Examining bias perpetuation in academic search engines: an algorithm
audit of Google and Semantic Scholar
- URL: http://arxiv.org/abs/2311.09969v2
- Date: Tue, 21 Nov 2023 09:49:25 GMT
- Title: Examining bias perpetuation in academic search engines: an algorithm
audit of Google and Semantic Scholar
- Authors: Celina Kacperski, Mona Bielig, Mykola Makhortykh, Maryna Sydorova,
Roberto Ulloa
- Abstract summary: This study examines whether confirmation-biased queries prompted into Google Scholar and Semantic Scholar will yield skewed results.

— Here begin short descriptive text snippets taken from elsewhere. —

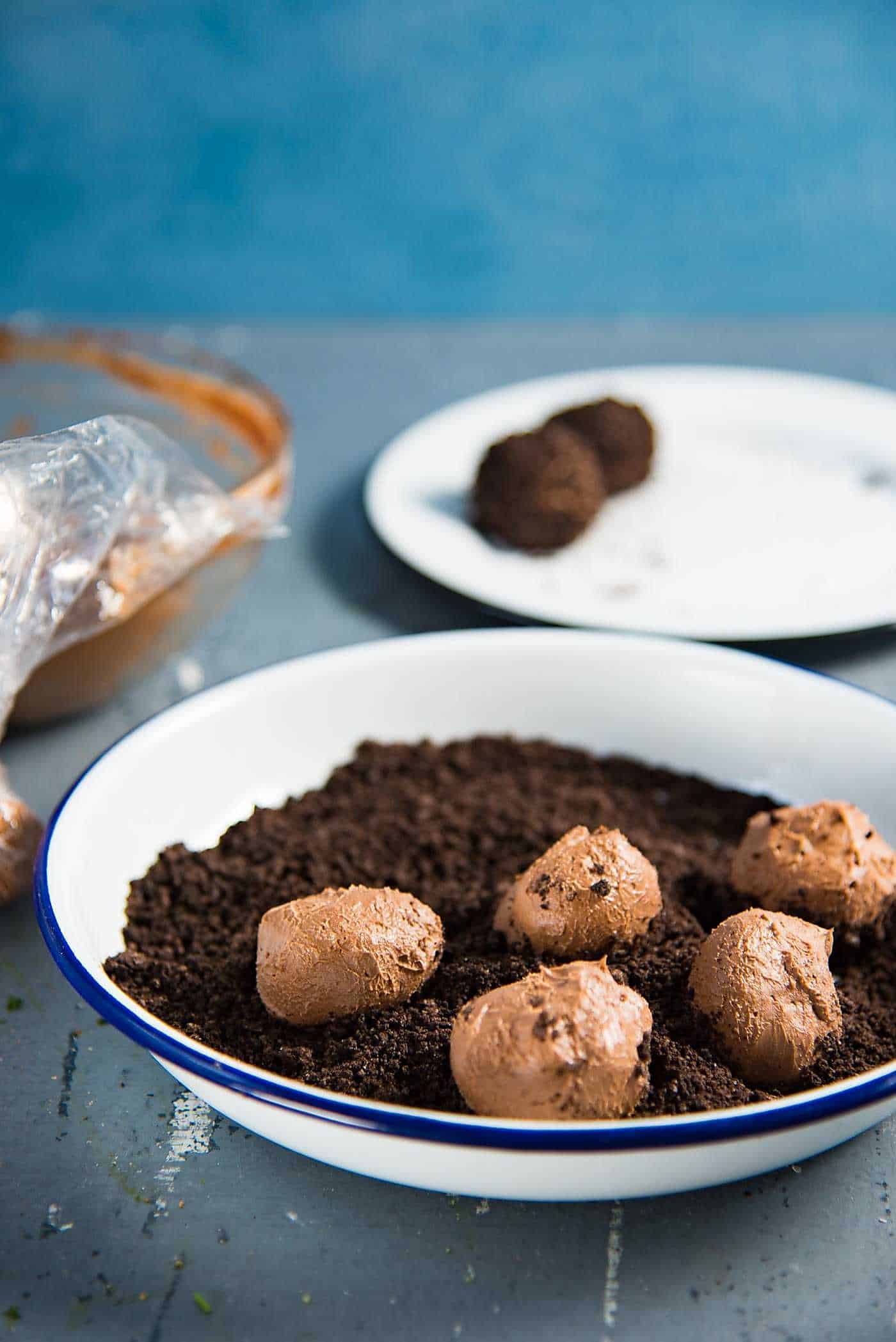 No bake cheesecake bites being rolled in Oreo cookie crumbles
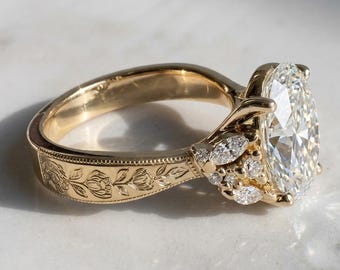 Könnte beinhalten: Ein Goldring mit einem großen oval geschliffenen Mittelstein, akzentuiert durch kleinere marquise-geschliffene Steine an der Seite. Die Ringschiene ist aus Gelbgold gefertigt und zeigt eine florale Gravur mit Milgrain-Details.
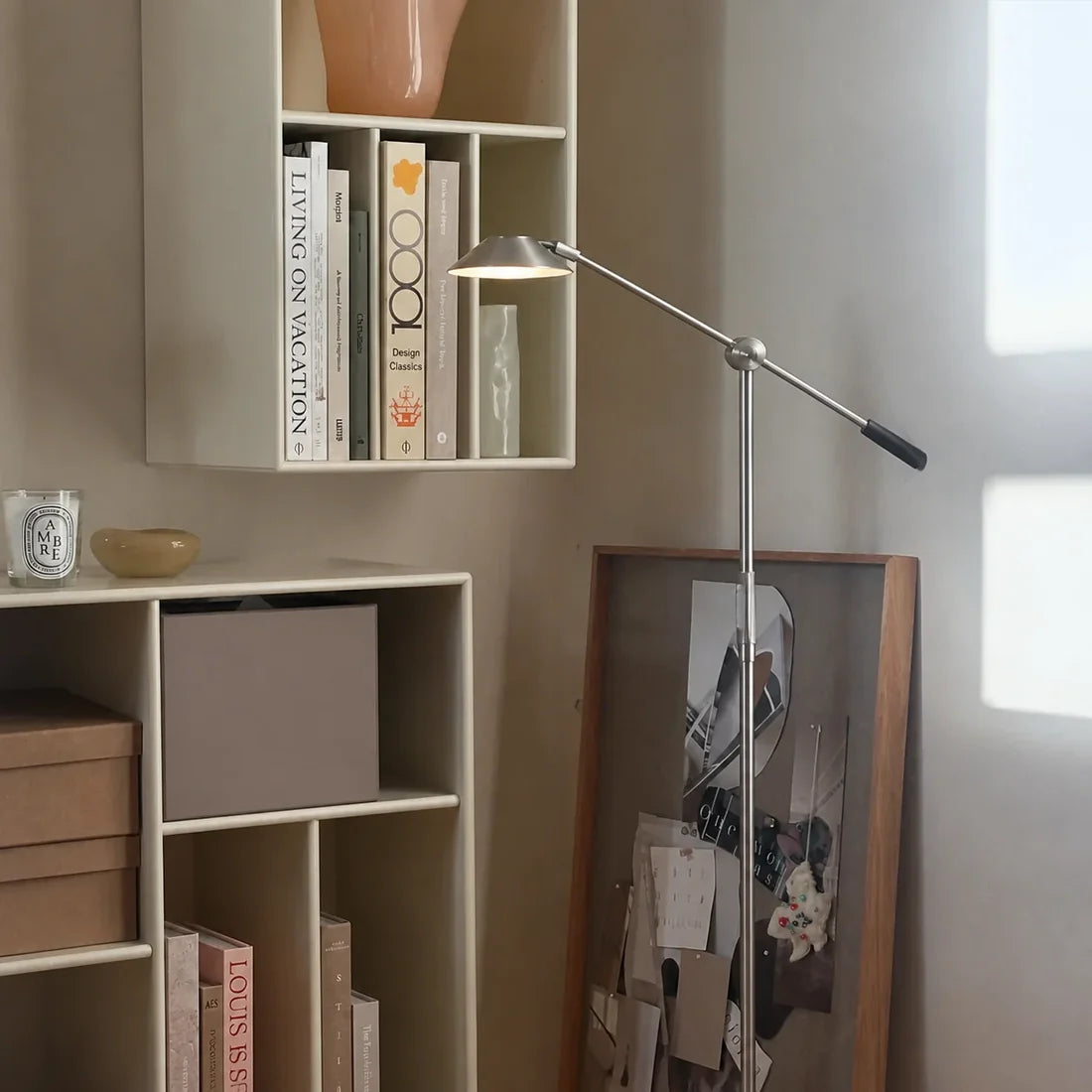 Silver SOLA Floor standing beside shelving and a reading workspace in a home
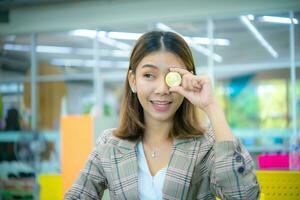 hermosa asiático negocio mujer sostener un moneda en su uno mano y cubierto en su ojos con un sonrisa en su rostro. foto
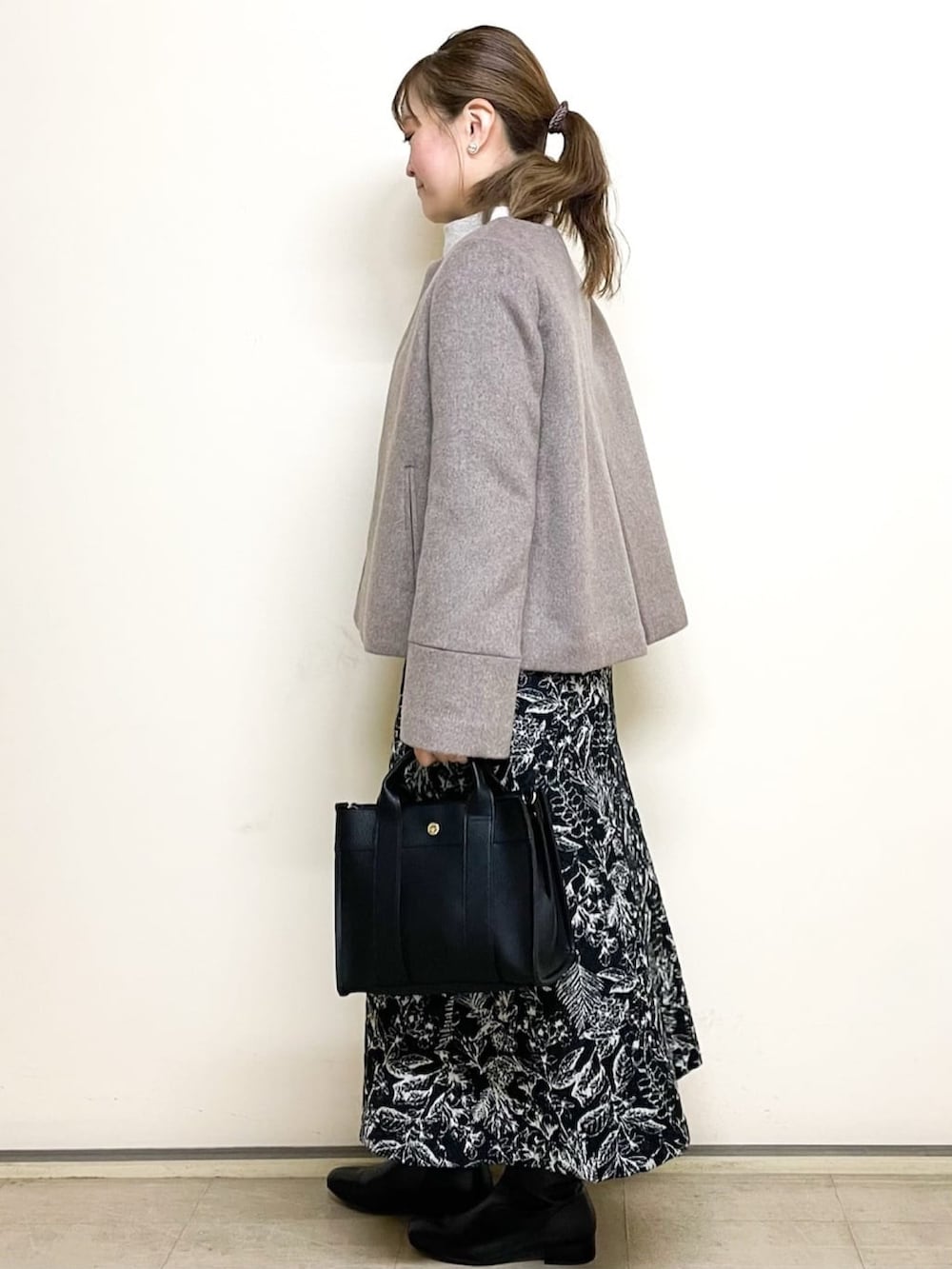 ベージュ系のニット/セーター、ブラック系のスカート、ブラック系のトートバッグを着用したレディースの冬コーディネートの3枚目の写真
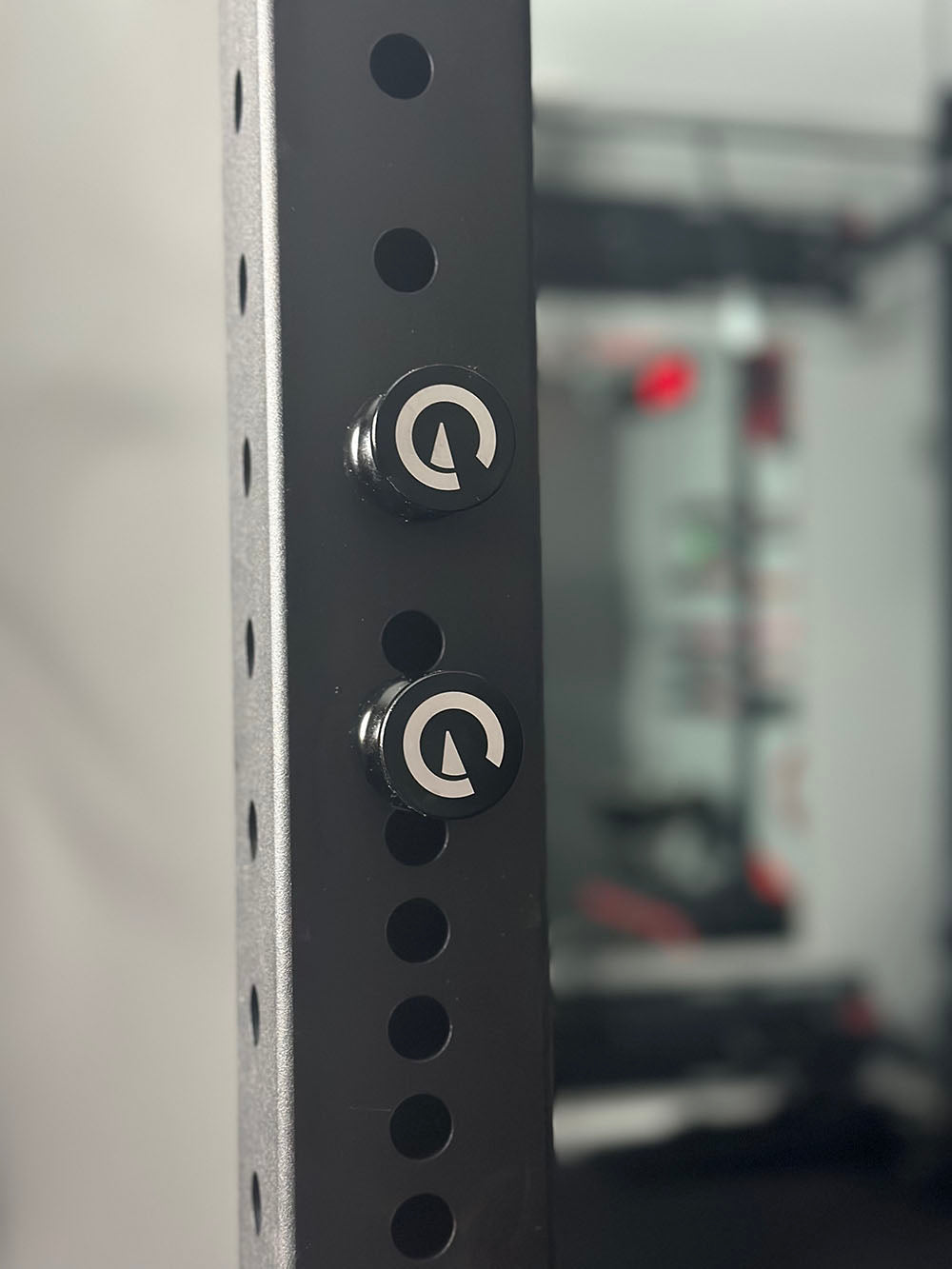 Custom Exponent Edge Magnetic pins fit all major brands of squat racks, power racks, and accessories, including Exponent Edge workout equipment. This image presents the Magnetic Edge Pins on a workout rack.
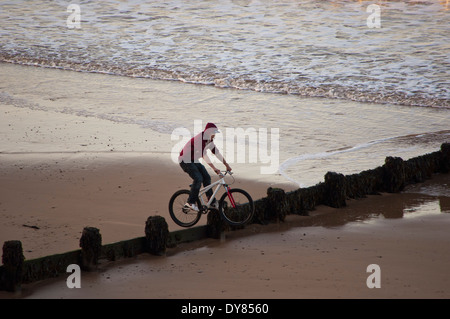 Adolescent en vélo sur la plage Banque D'Images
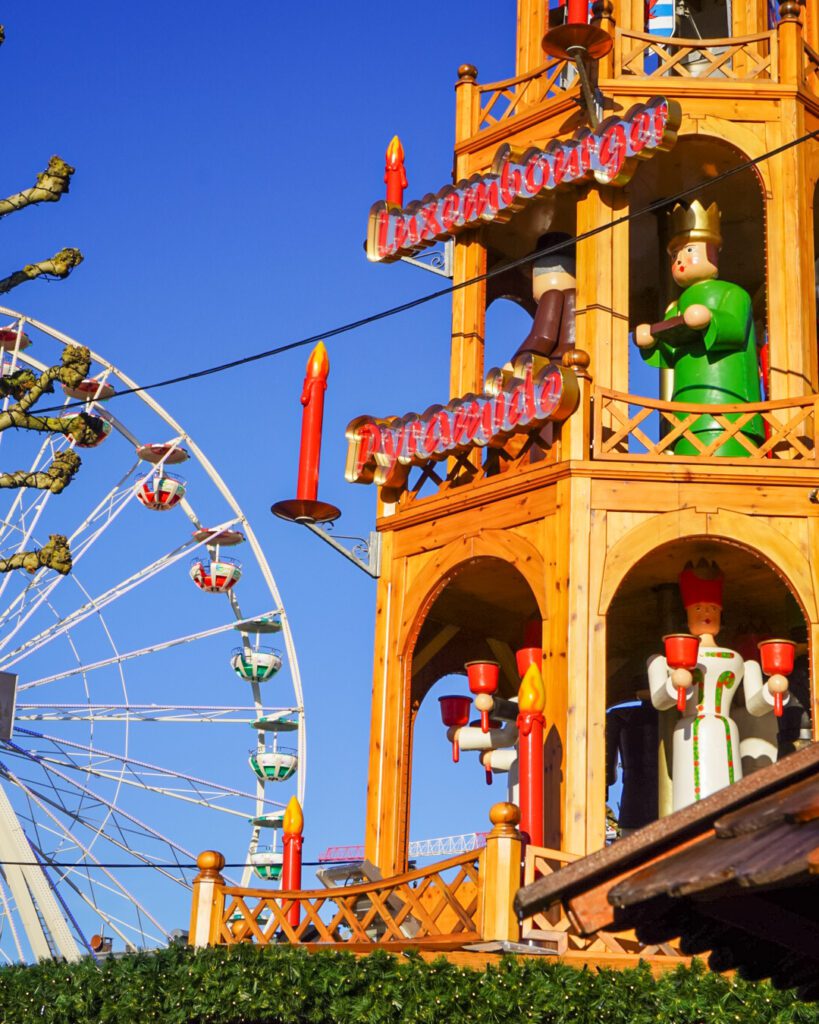 A picture of a Christmas pyramid and the ferris wheel at the Luxembourg Christmas markets. There are various christmas figures inside the pyramid, which is adorned with candles on the outside.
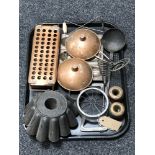A tray of antique metal ware and kitchenalia, jelly mould,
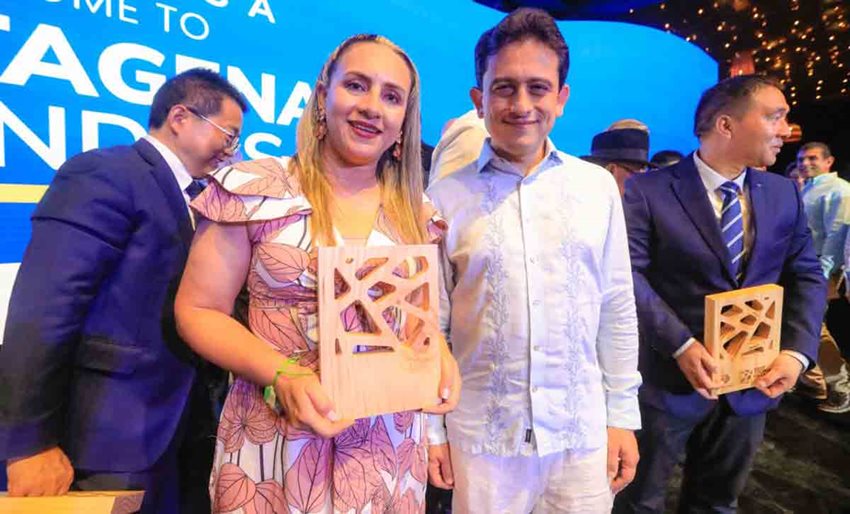 Mujer y hombre posando para la foto, mientras ella sostiene un premio en las manos.
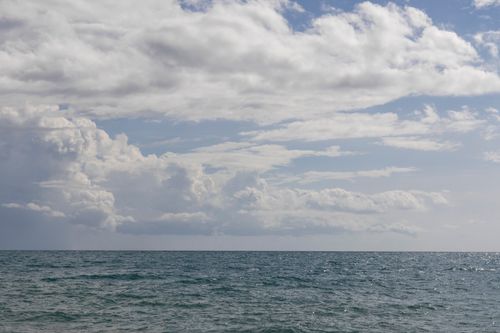 Free Serene ocean view under a vast cloudy sky, perfect for tranquil themes. Stock Photo
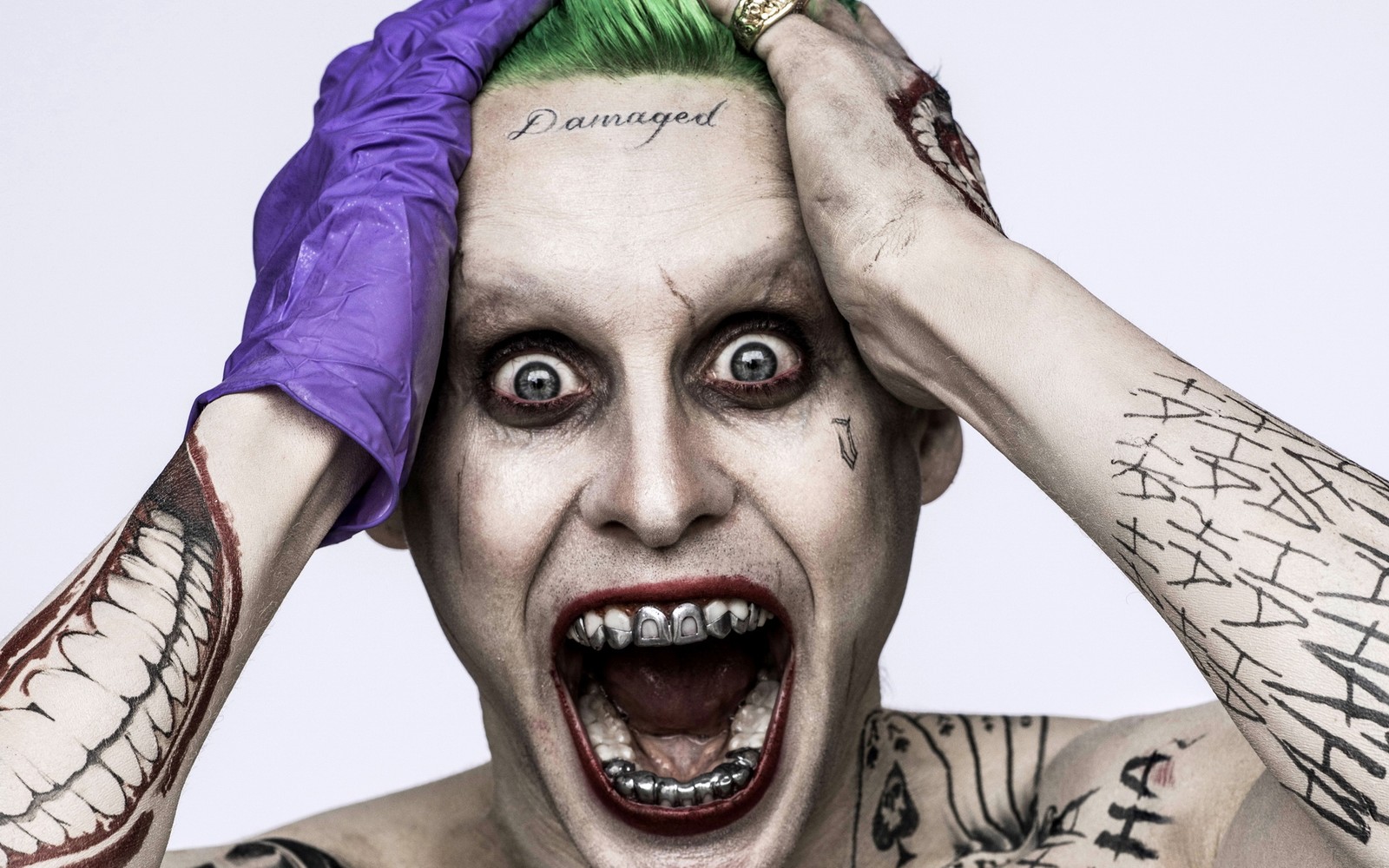 A close up of a person with tattoos and a green hair (joker, suicide squad, harley quinn, dc comics, head)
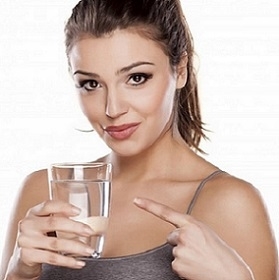 Woman Holding Glass of Water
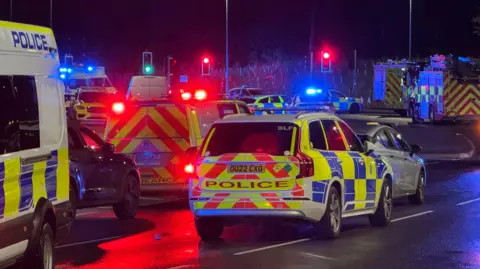 Matthew Webb/BBC Police vehicles at the scene of a multiple stabbing.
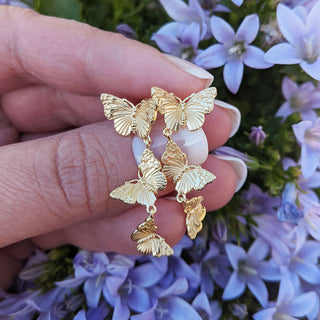 butterfly dangle earrings in hand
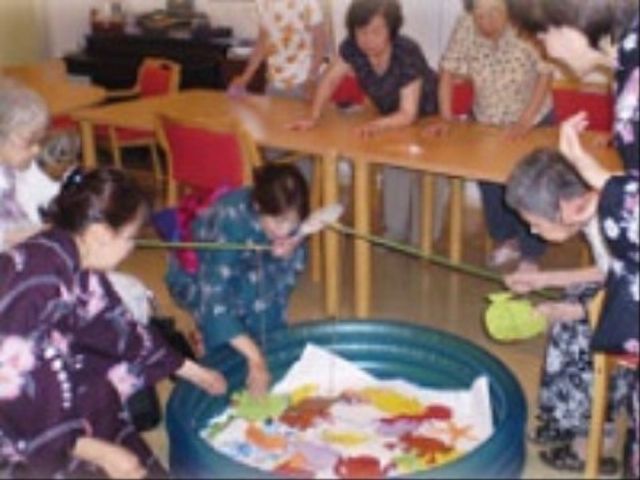 活動する笑顔の利用者様 イベント ゆったりとした空間で楽しまれているレクリエーションの様子。和気あいあいとした雰囲気が伝わります。
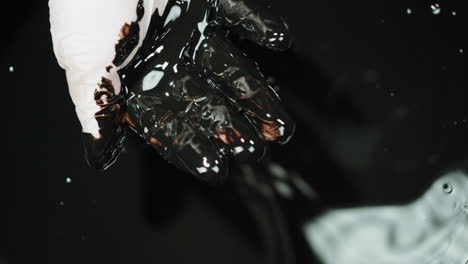 contaminated hand in oil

Technology-related queries displaying more significant disparities.
Academic search results that perpetuate confirmation bias have strong implications for both researchers and citizens searching for evidence.
- Score: 0.0
- License: http://creativecommons.org/licenses/by/4.0/
- Abstract: Researchers rely on academic web search engines to find scientific sources,
but search engine mechanisms may selectively present content that aligns with
biases embedded in the queries. This study examines whether confirmation-biased
queries prompted into Google Scholar and Semantic Scholar will yield skewed
results. Six queries (topics across health and technology domains such as
"vaccines" or "internet use") were analyzed for disparities in search results.
We confirm that biased queries (targeting "benefits" or "risks") affect search
results in line with the bias, with technology-related queries displaying more
significant disparities. Overall, Semantic Scholar exhibited fewer disparities
than Google Scholar. Topics rated as more polarizing did not consistently show
more skewed results. Academic search results that perpetuate confirmation bias
have strong implications for both researchers and citizens searching for
evidence. More research is needed to explore how scientific inquiry and
academic search engines interact.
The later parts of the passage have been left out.